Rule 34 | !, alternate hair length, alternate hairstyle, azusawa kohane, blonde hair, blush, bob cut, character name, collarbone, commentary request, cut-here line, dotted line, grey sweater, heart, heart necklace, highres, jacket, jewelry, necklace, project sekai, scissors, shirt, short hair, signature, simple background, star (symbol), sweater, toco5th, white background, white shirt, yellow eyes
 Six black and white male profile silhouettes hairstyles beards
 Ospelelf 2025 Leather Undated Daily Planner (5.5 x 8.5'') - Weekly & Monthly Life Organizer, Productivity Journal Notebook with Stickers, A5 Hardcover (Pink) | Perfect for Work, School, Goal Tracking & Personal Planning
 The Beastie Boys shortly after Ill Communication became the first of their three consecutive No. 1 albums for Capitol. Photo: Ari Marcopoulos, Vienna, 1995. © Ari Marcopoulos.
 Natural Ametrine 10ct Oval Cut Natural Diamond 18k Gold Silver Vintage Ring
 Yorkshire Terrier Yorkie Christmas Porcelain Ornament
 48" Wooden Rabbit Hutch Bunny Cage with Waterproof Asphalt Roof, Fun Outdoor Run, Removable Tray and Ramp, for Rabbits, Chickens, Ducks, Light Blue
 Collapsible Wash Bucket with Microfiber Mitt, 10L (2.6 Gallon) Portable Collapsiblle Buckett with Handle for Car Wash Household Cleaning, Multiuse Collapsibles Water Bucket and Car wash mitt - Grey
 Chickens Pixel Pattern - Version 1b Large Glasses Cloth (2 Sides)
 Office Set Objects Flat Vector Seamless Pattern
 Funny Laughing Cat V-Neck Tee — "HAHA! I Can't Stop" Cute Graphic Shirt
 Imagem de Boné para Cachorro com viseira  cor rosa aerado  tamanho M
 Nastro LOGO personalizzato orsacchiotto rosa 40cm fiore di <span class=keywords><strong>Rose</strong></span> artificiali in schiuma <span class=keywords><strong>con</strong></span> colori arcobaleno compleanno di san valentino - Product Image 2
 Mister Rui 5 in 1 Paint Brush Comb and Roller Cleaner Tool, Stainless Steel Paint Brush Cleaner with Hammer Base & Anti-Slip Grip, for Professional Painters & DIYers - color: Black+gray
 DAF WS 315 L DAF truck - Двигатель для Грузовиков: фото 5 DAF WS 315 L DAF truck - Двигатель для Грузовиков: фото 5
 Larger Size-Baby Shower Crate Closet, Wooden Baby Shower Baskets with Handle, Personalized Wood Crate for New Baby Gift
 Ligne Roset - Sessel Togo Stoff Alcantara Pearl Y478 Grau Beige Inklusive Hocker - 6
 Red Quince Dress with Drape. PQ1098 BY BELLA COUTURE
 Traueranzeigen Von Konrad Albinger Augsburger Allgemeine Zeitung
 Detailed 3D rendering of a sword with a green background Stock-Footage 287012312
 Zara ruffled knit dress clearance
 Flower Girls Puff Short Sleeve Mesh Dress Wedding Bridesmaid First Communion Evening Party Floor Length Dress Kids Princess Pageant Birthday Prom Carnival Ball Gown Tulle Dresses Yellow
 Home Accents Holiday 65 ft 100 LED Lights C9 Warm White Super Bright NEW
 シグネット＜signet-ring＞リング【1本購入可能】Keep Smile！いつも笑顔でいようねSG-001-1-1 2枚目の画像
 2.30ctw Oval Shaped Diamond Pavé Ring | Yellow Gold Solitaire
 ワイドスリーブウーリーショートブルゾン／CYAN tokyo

Problem to work on:
Go back to the start of the listing above. Reproduce each line exactly, ending with the line that contains "Ospelelf 2025 Leather".

Solution:
Rule 34 | !, alternate hair length, alternate hairstyle, azusawa kohane, blonde hair, blush, bob cut, character name, collarbone, commentary request, cut-here line, dotted line, grey sweater, heart, heart necklace, highres, jacket, jewelry, necklace, project sekai, scissors, shirt, short hair, signature, simple background, star (symbol), sweater, toco5th, white background, white shirt, yellow eyes
 Six black and white male profile silhouettes hairstyles beards
 Ospelelf 2025 Leather Undated Daily Planner (5.5 x 8.5'') - Weekly & Monthly Life Organizer, Productivity Journal Notebook with Stickers, A5 Hardcover (Pink) | Perfect for Work, School, Goal Tracking & Personal Planning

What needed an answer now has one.